Changes to Massachusetts coronavirus data are in the works, officials say
Changes appear to be in the works for how the state reports its coronavirus data — and local leaders who say their towns have been unfairly put in the high-risk red zone over “isolated” outbreaks in jails or on college campuses are hopeful the updated metrics will work to their benefit.
State Education Commissioner Jeffrey Riley said during a Board of Elementary and Secondary Education meeting Tuesday that he expects the Department of Public Health is “going to update its metrics to be even more nuanced.”
Riley said he was referring specifically to the “stoplight” system that color codes cities and towns each week based on their level of risk for coronavirus transmission — which has in recent weeks seen Middleton and North Andover rise into the high-risk red zone due to outbreaks in the Middleton jail and Merrimack College, respectively.
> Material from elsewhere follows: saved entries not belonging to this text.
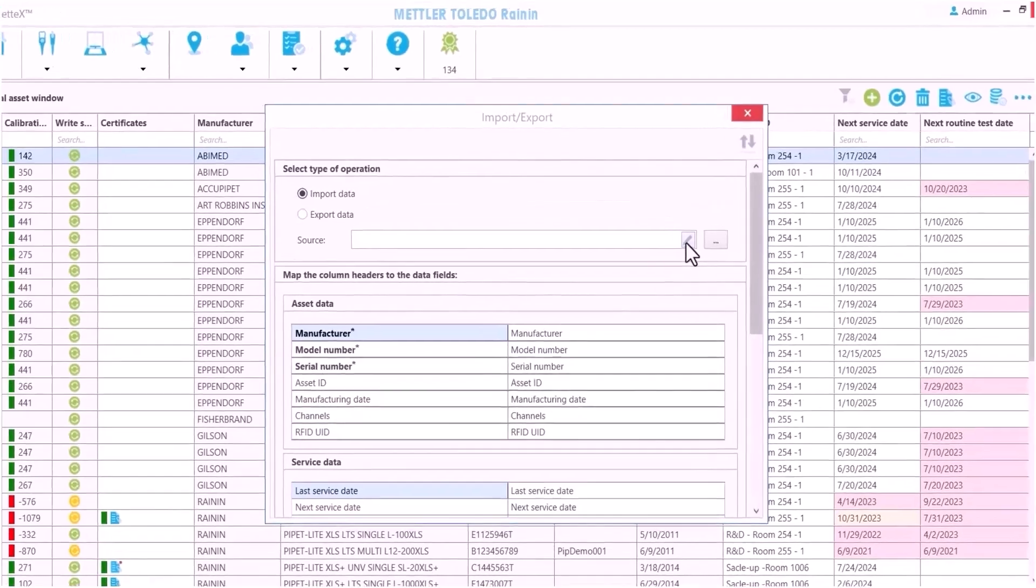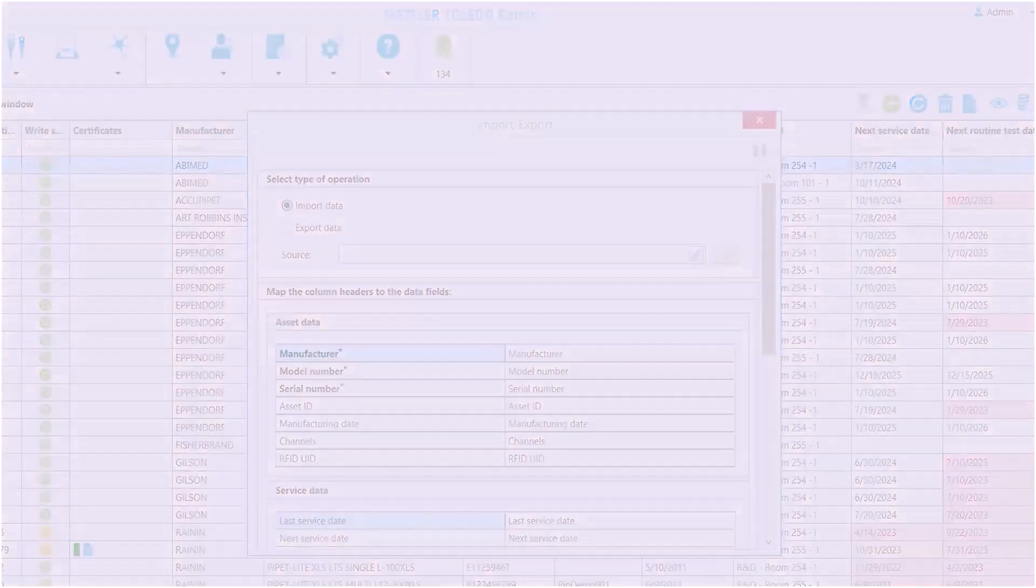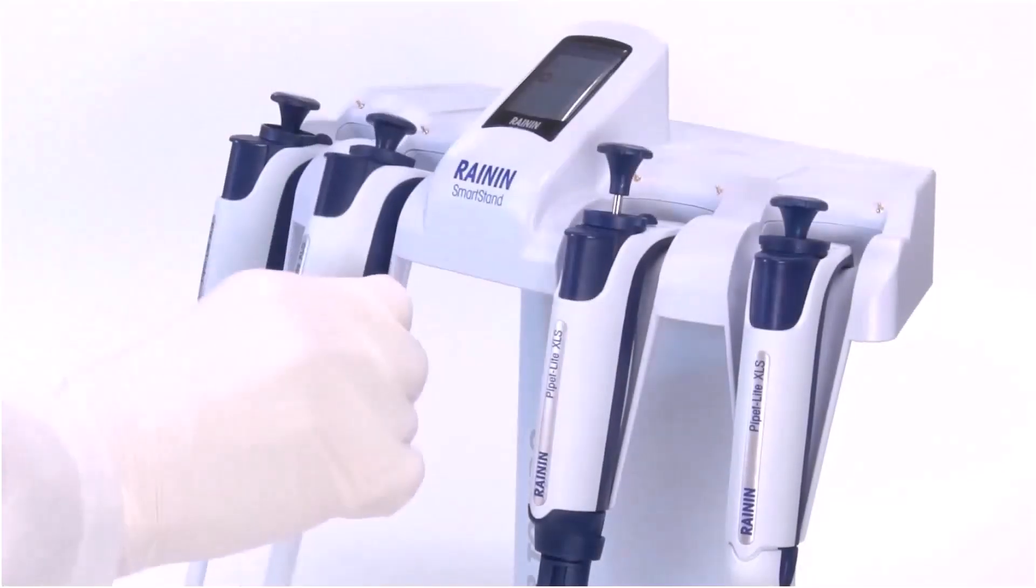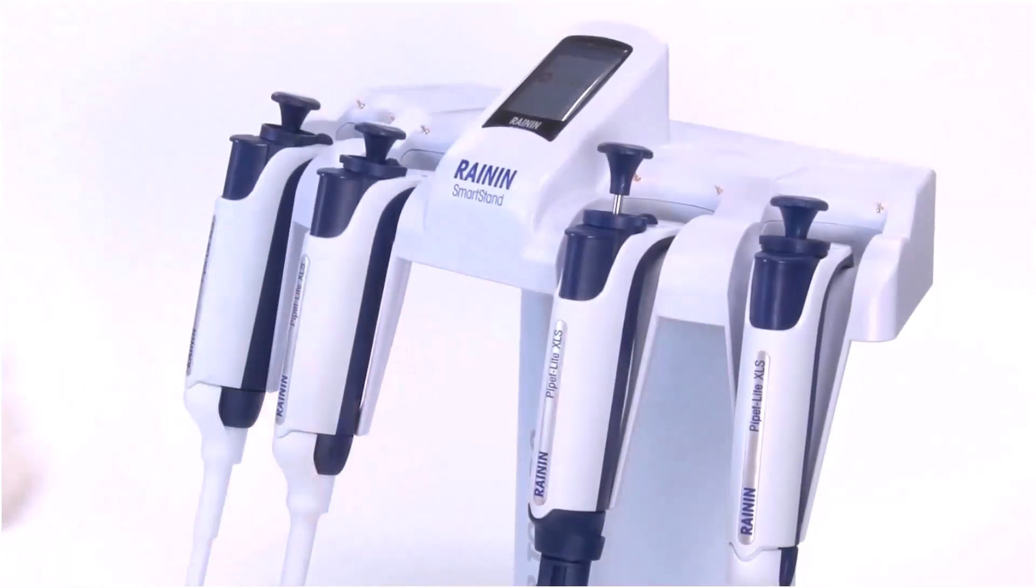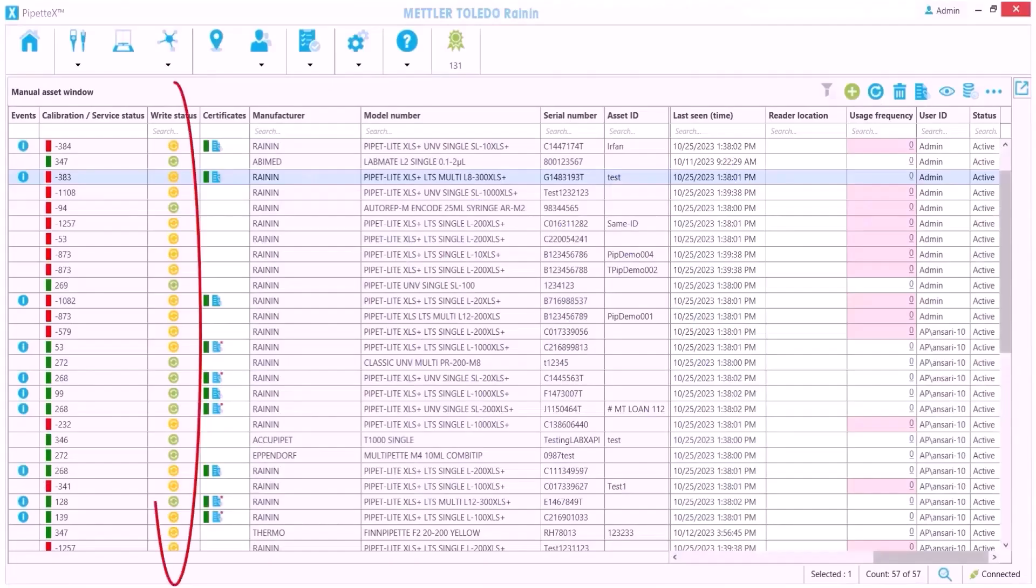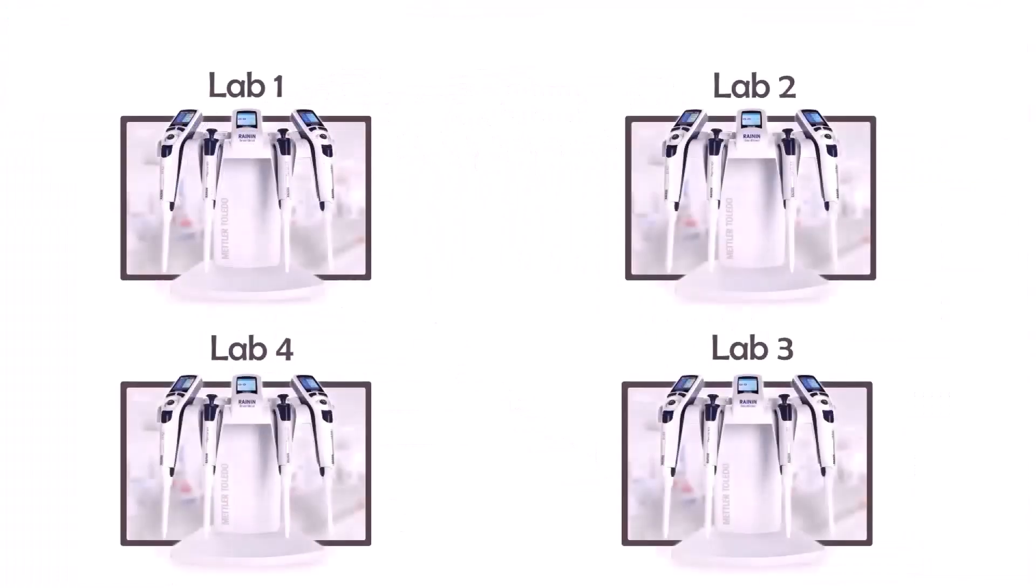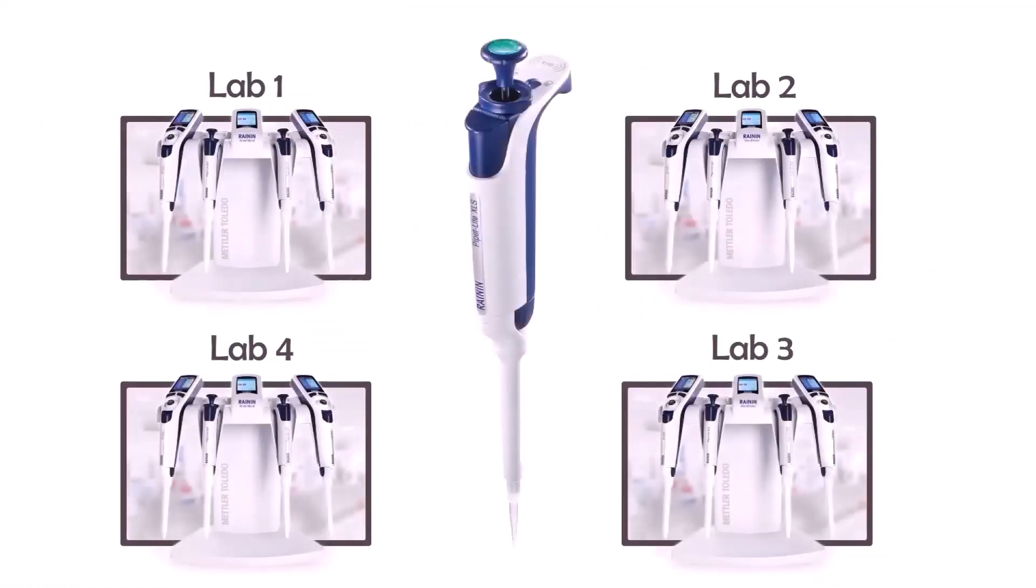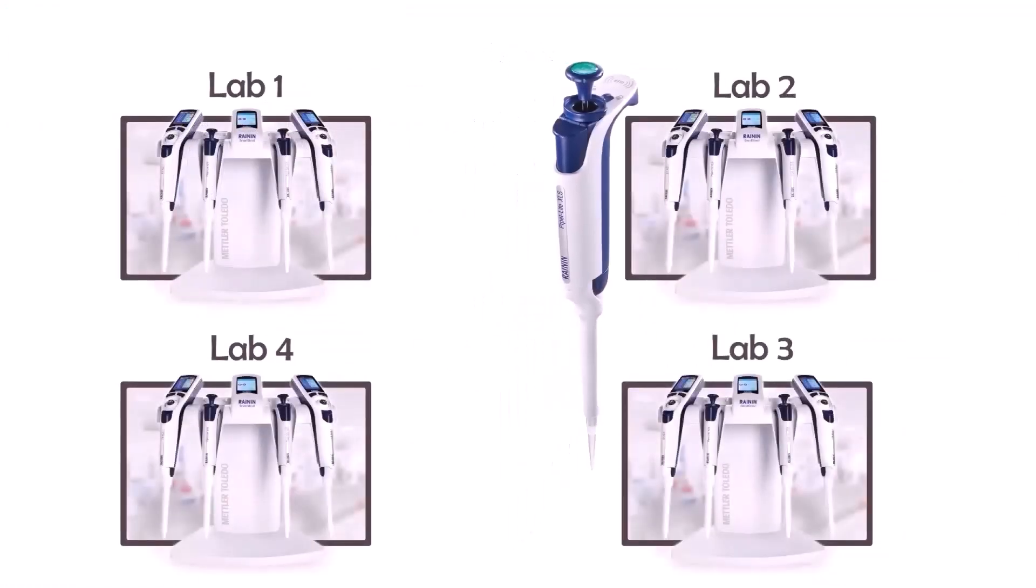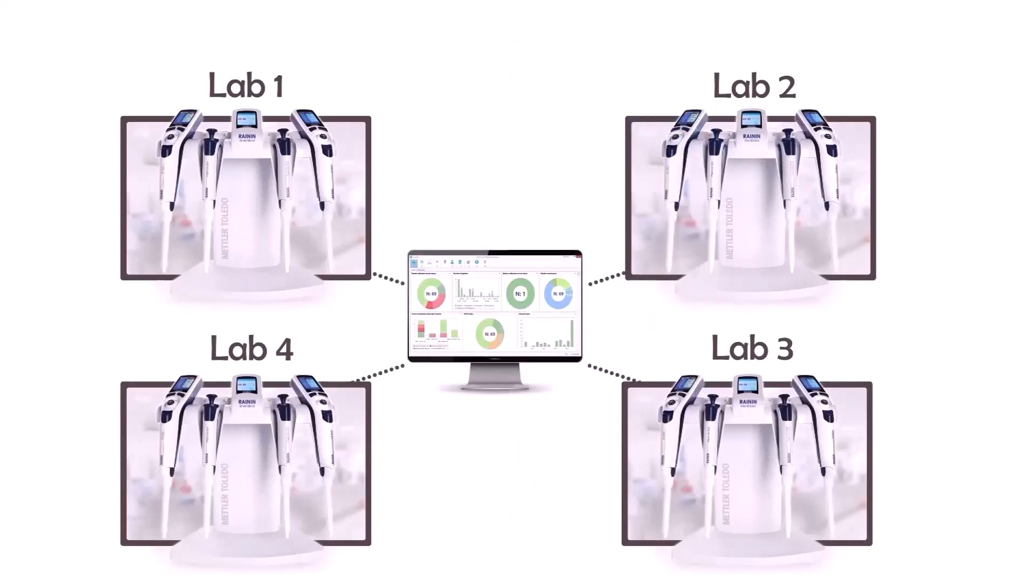I started by just importing the Excel spreadsheet we were already using, and whenever a pipette goes on a smart stand, Pipette X auto-populates and auto-updates the data. We set up a smart stand in each of our four labs and we updated our SOP so any new pipettes are required to be put on a smart stand that automatically registers them in Pipette X.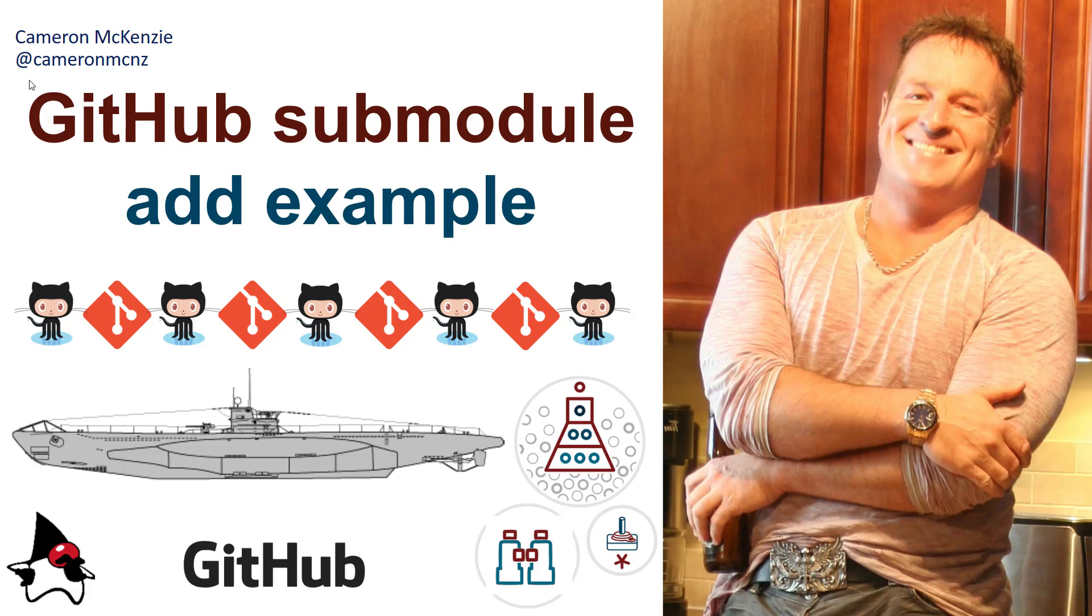Hey, Cameron McKenzie at Cameron MCNZ on Twitter if you want to follow. In this tutorial, I want to talk to you about how to create submodules with GitHub.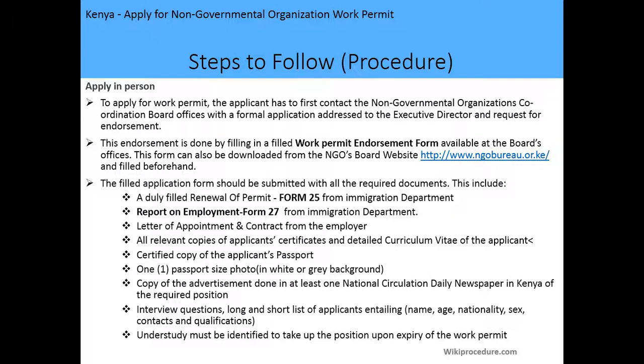The filled application form should be submitted with all required documents, including: the duly filled Form 25 — the application for issuance or renewal of work permit — from the Department of Immigration; a Report on Employment, Form 7, from the Department of Immigration; a letter of appointment and contract from the employer; the applicant's certificates and CV; a certified copy of the applicant's passport; a passport photo; copy of the advertisement; interview questions with the long and short list of applicants; and details of the understudy, who must be Kenyan.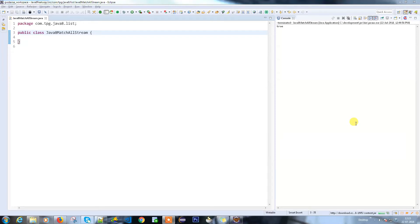Hello everyone. In this video we are going to discuss about one of the important features which comes in Java 8: the predicate. What is the predicate doing? The name itself is giving a meaning — predicate, I mean prediction. So in case I have a list of employees, or list of students, or list of some random data, I can write a prediction there.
“We’ve seen how those places can skew a city or town’s data,” Riley said. “We’re hoping when the new metric comes out it will take that into account.”
Landing in the red zone automatically stops a municipality from moving ahead with step two of the third phase of reopening. It can also have ramifications for in-person learning, though those decisions are left up to individual school districts and are not mandated by the state.
Gov. Charlie Baker said in a press conference Tuesday in Revere that “you can anticipate sometime in the next couple of weeks we are going to try to update the way we collect and present a lot of this information.” But he did not appear to refer to the color-coded risk assessment system specifically.
Tory Mazzola, a spokesman for the state’s coronavirus command center, said in an email later Tuesday, “Over the past several months, we have further enhanced our data, public reporting and analysis, which enables us to take a more targeted approach with our guidance, and the Command Center is continuing to refine this public data.”
A letter sent from the state’s Executive Office of Health and Human Services to red-zone Middleton on Tuesday said, “Going forward, we will be noting if a municipality has experienced a significant number of cases associated with a cluster in a skilled nursing facility, correction institution, or associated with higher ed.” The letter also encourages municipal leaders to “review three reporting periods,” which account for four weeks of data, in local decision-making.
“I am encouraged by their recognition that there are communities where the case counts are beyond local control,” Middleton Town Administrator Andrew Sheehan, who’s among the local officials calling for the jail to be cut out of the town’s metrics, said in an email. “Until I see the details I won’t know how helpful this new guidance is to us.”